Desde los fracasos electorales de su movimiento UNIR de los años treinta, Gaitán se había reincorporado al Partido Liberal y había venido desescalonando su radicalismo izquierdista. No predicaba ya la lucha de clases, del proletariado contra la burguesía; sino sólo la más vaga lucha del pueblo contra las oligarquías, por igual conservadoras y liberales. Sin dejar por ello de colaborar con los gobiernos liberales, que lo hicieron alcalde de Bogotá en el año 36 con el primer gobierno de López, ministro de Educación de Santos en el 40, ministro de Trabajo del presidente interino Darío Echandía en 1944. Al regreso de López para el final de su gobierno, Gaitán escogió la oposición radical: “¡Por la restauración moral de la república, contra las oligarquías, a la carga!”.

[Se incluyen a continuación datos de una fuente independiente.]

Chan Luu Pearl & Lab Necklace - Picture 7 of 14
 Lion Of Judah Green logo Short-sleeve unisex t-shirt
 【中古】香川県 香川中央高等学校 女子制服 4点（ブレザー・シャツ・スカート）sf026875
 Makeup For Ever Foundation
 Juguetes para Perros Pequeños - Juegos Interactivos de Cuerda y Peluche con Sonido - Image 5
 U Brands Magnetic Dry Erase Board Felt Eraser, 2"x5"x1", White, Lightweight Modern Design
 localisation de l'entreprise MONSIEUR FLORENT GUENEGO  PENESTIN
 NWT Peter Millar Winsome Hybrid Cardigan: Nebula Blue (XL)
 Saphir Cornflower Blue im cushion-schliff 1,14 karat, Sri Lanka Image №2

Faltando un año para terminar su período, López renunció a la presidencia. Lo sustituyó su ministro de Gobierno, Alberto Lleras. Y a la vista de las elecciones del año 46, el Partido Liberal —como era lo habitual en los partidos en el poder— se dividió entre dos candidatos: el de su ala derecha Gabriel Turbay, respaldado por los grandes diarios El Tiempo y El Espectador, por el director del partido Eduardo Santos y por el aparato entero del partido. Y Jorge Eliécer Gaitán por los sectores populares y los sindicatos. El retirado pero muy influyente expresidente López no se pronunció por ninguno de los dos: o más bien lo hizo, sibilinamente, en contra de ambos. Y la campaña electoral se dio del mismo modo: en contra. Contra “el turco Turbay”, que era nacido de padres libaneses y tenía narices de turco: un extranjero; y contra “el negro Gaitán”, que era de modesto origen social y tenía cara de indio: un pobre.
El Partido Conservador había anunciado su abstención, como venía haciéndolo desde el año 34 para todas las elecciones presidenciales con el argumento del previsible fraude que iban a cometer los liberales; pero en las últimas semanas Laureano Gómez designó como candidato a Mariano Ospina Pérez, de la estirpe presidencial de los Ospinas: un pacífico y solemne hombre de negocios de Medellín, rico dirigente cafetero y empresarial, y que no despertaba más odios que el que le guardaba el propio Laureano, que sin embargo esperaba manejarlo cuando llegara el caso.
Ganó Ospina. Como dieciséis años antes había ganado Olaya frente a la división conservadora. Y así terminó, melancólicamente, la pujante República Liberal que iba a cambiar la historia de Colombia. Como había escrito el poeta angloamericano T.S. Eliot hablando de otra cosa completamente distinta: terminó “not with a bang, but a whimper”. No con un estallido, sino con un sollozo.